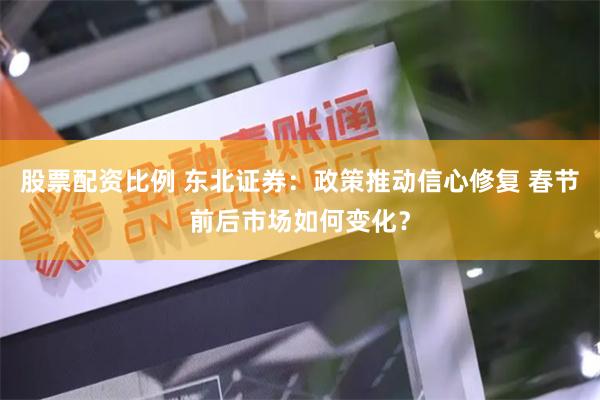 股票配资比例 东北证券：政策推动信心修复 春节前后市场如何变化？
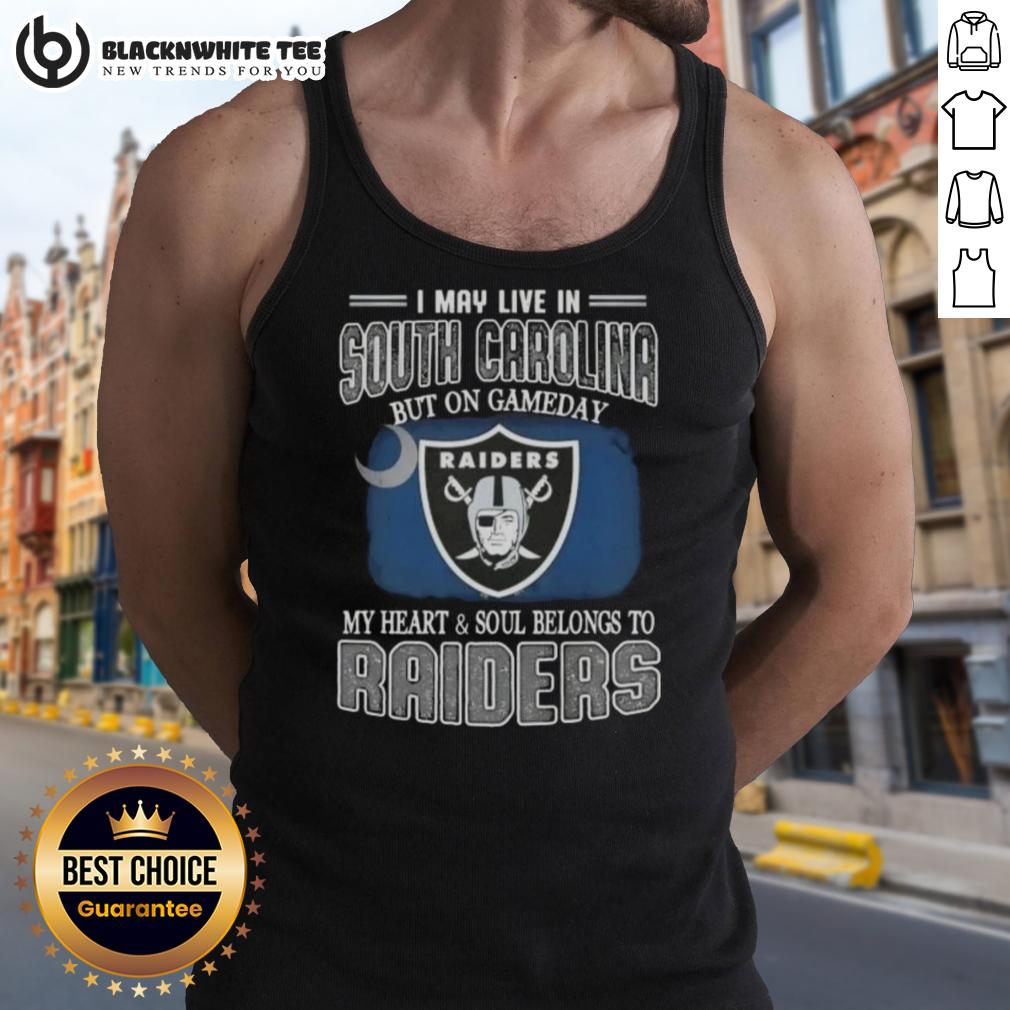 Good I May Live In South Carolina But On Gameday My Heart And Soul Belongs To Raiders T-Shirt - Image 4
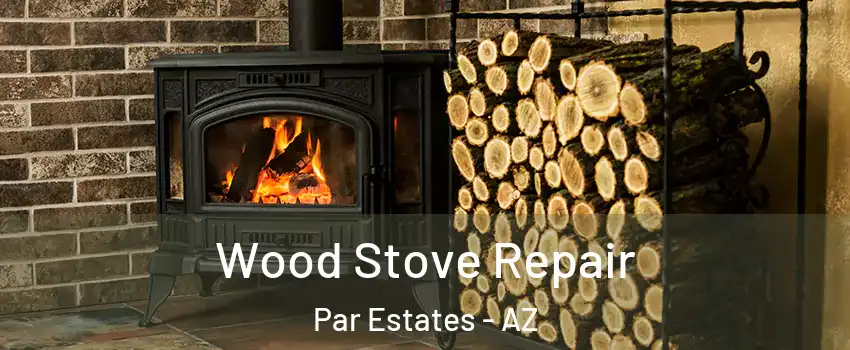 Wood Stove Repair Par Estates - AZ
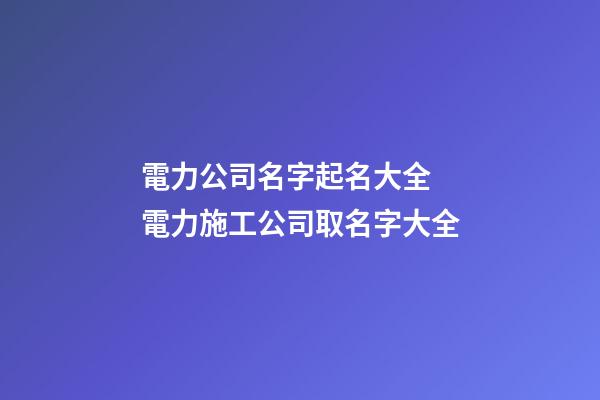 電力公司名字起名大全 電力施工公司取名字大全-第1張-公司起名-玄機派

...

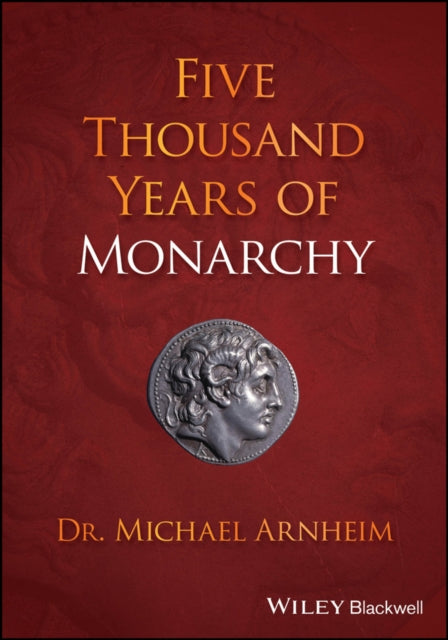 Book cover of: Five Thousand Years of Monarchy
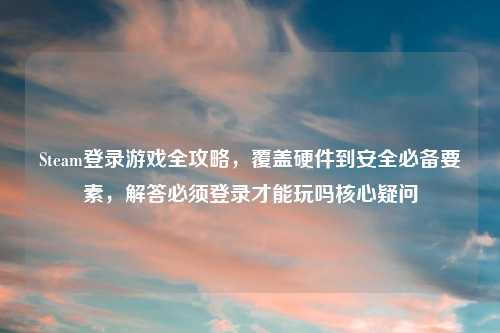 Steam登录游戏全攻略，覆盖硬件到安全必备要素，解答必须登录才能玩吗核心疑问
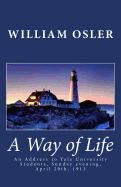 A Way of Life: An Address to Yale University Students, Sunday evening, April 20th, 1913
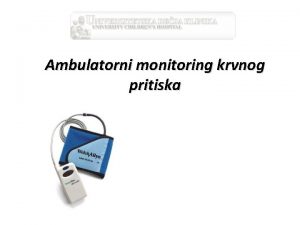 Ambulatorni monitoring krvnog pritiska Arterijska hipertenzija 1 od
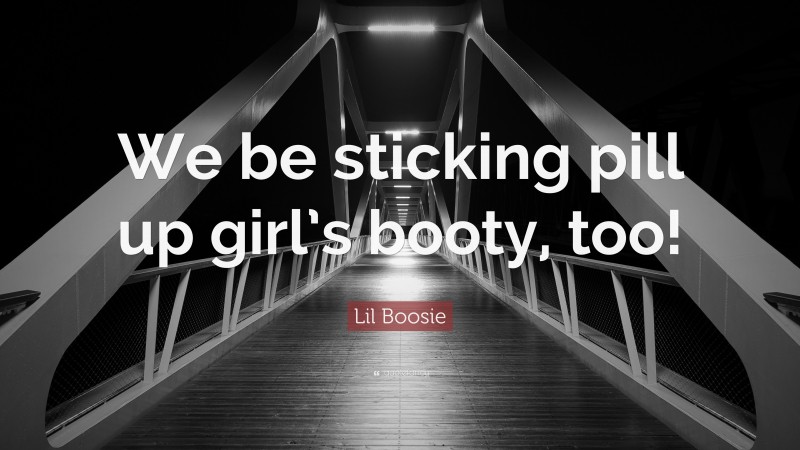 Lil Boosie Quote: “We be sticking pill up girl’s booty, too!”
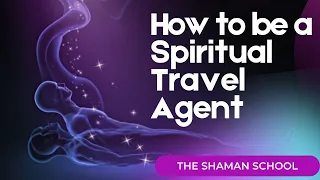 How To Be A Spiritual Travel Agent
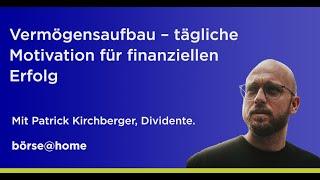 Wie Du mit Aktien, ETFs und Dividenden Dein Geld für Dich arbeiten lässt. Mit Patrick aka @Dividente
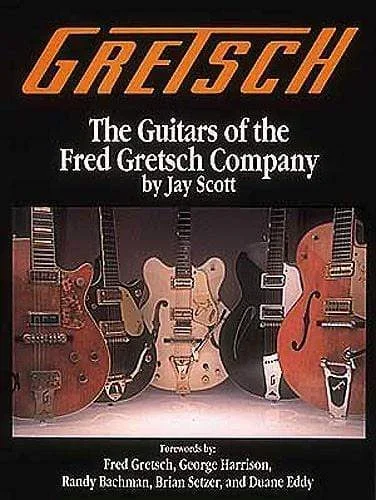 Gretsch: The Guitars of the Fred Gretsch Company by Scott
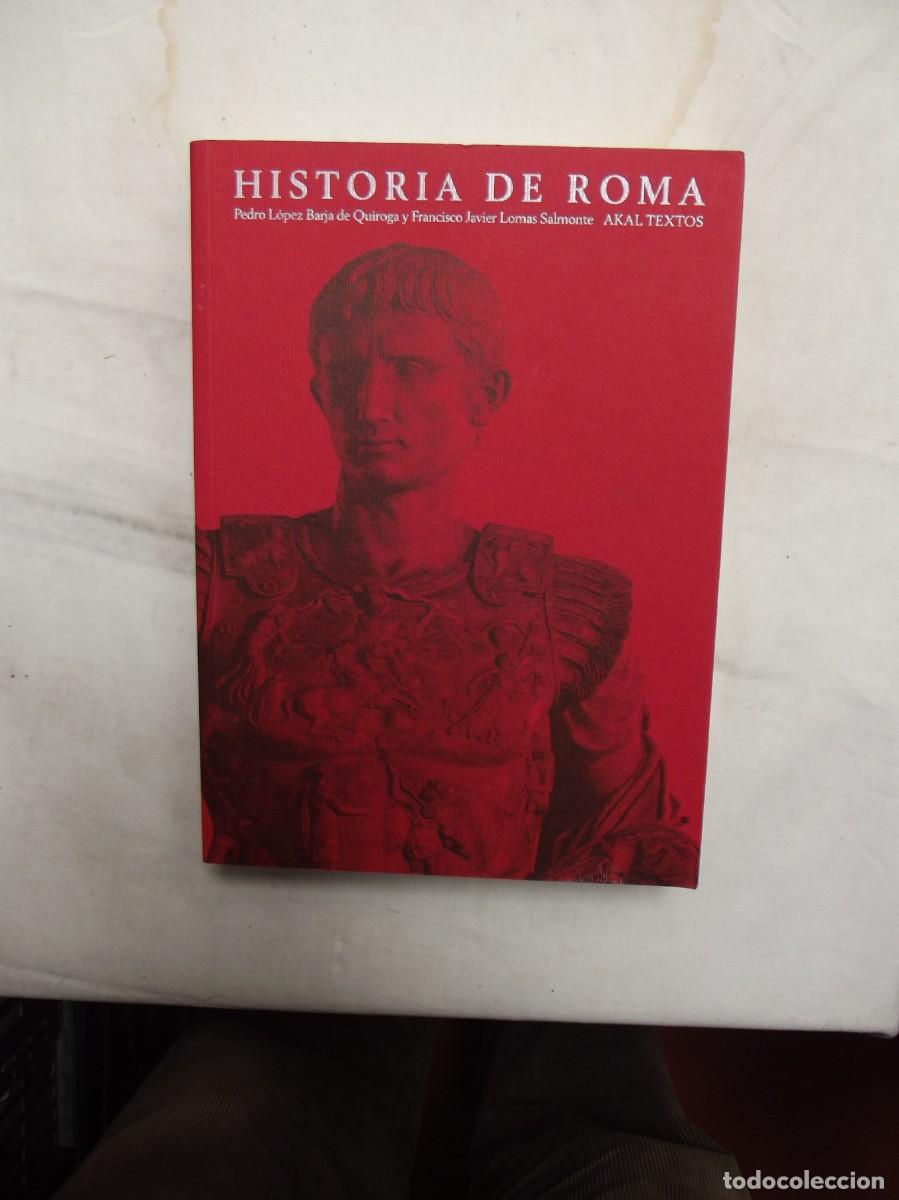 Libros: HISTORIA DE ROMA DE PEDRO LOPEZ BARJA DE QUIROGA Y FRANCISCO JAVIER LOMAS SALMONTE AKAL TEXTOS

...

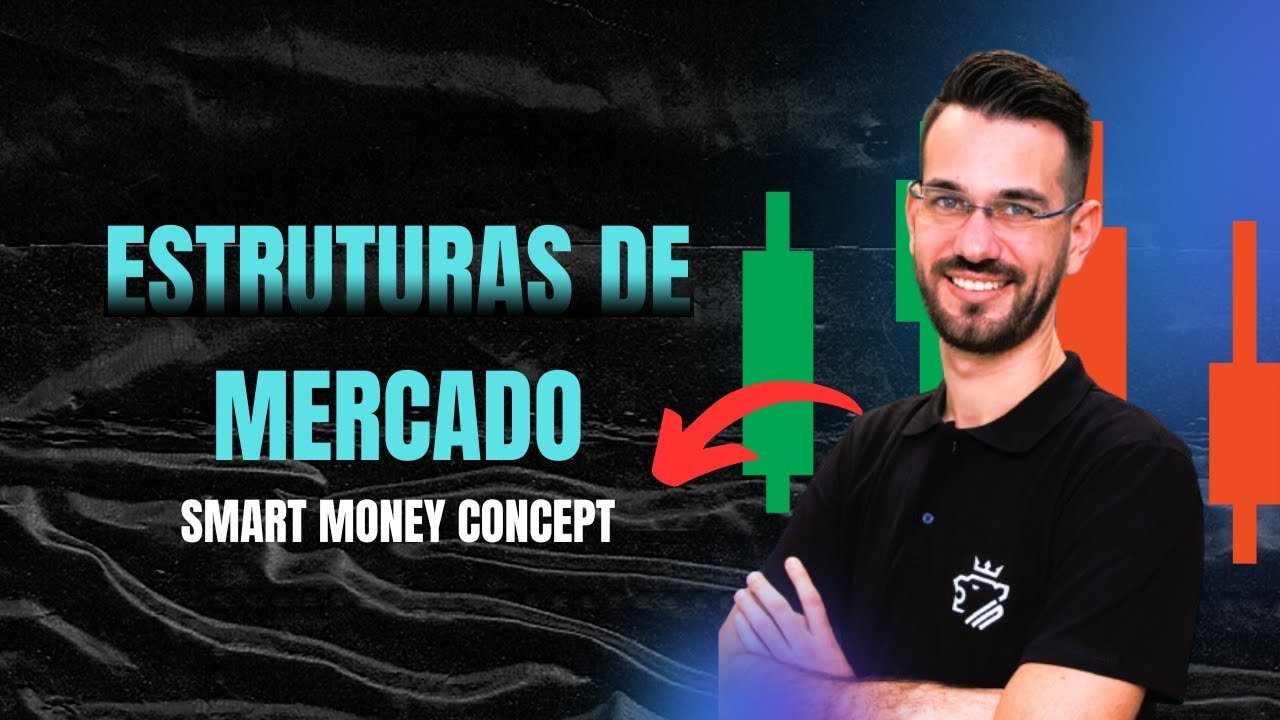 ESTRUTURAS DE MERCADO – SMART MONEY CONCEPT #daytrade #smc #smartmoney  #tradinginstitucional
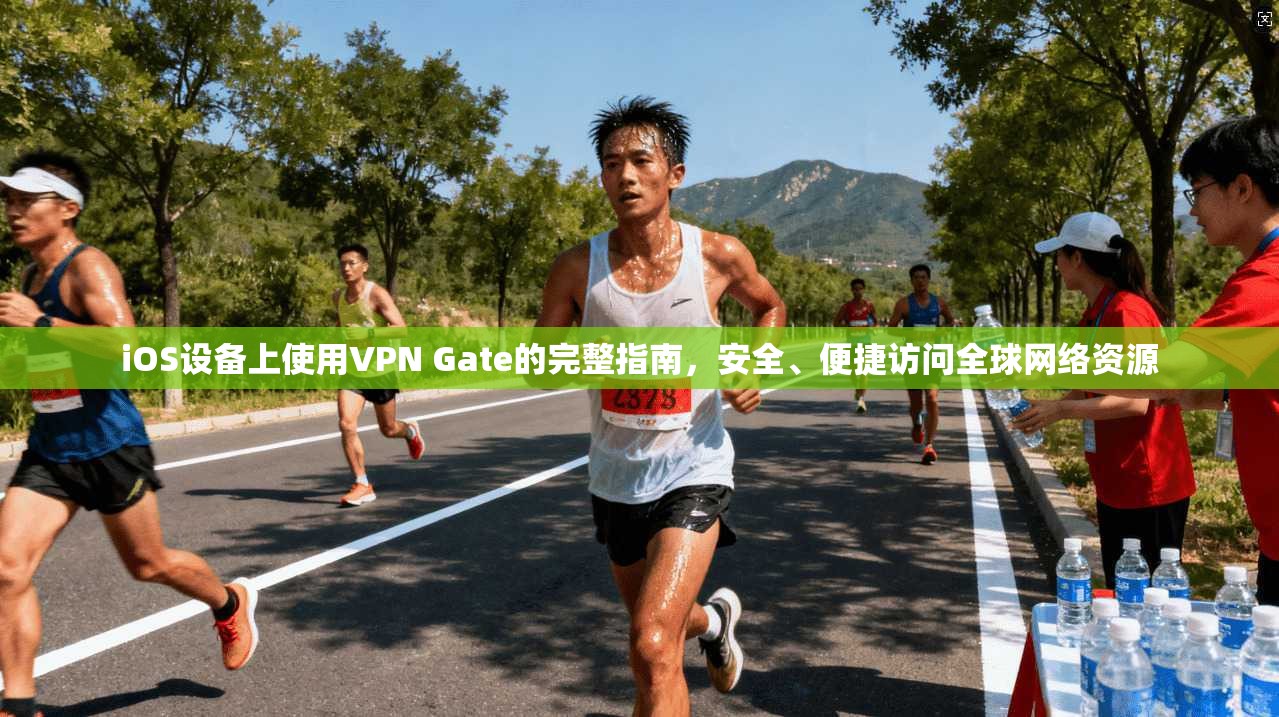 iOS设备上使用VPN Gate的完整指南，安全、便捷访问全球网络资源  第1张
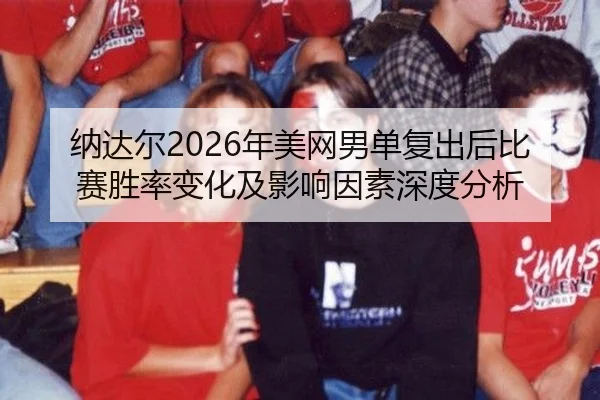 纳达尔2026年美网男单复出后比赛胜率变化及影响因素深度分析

## TASK OBJECTIVE
Write down exactly what the lines above say, from the line holding "A Way of Life: An" through the line holding "Libros: HISTORIA DE", and nothing more. Do not copy the pictures.

## EXERCISE OUTPUT
 A Way of Life: An Address to Yale University Students, Sunday evening, April 20th, 1913
 Ambulatorni monitoring krvnog pritiska Arterijska hipertenzija 1 od
 Lil Boosie Quote: “We be sticking pill up girl’s booty, too!”
 How To Be A Spiritual Travel Agent
 Wie Du mit Aktien, ETFs und Dividenden Dein Geld für Dich arbeiten lässt. Mit Patrick aka @Dividente
 Gretsch: The Guitars of the Fred Gretsch Company by Scott
 Libros: HISTORIA DE ROMA DE PEDRO LOPEZ BARJA DE QUIROGA Y FRANCISCO JAVIER LOMAS SALMONTE AKAL TEXTOS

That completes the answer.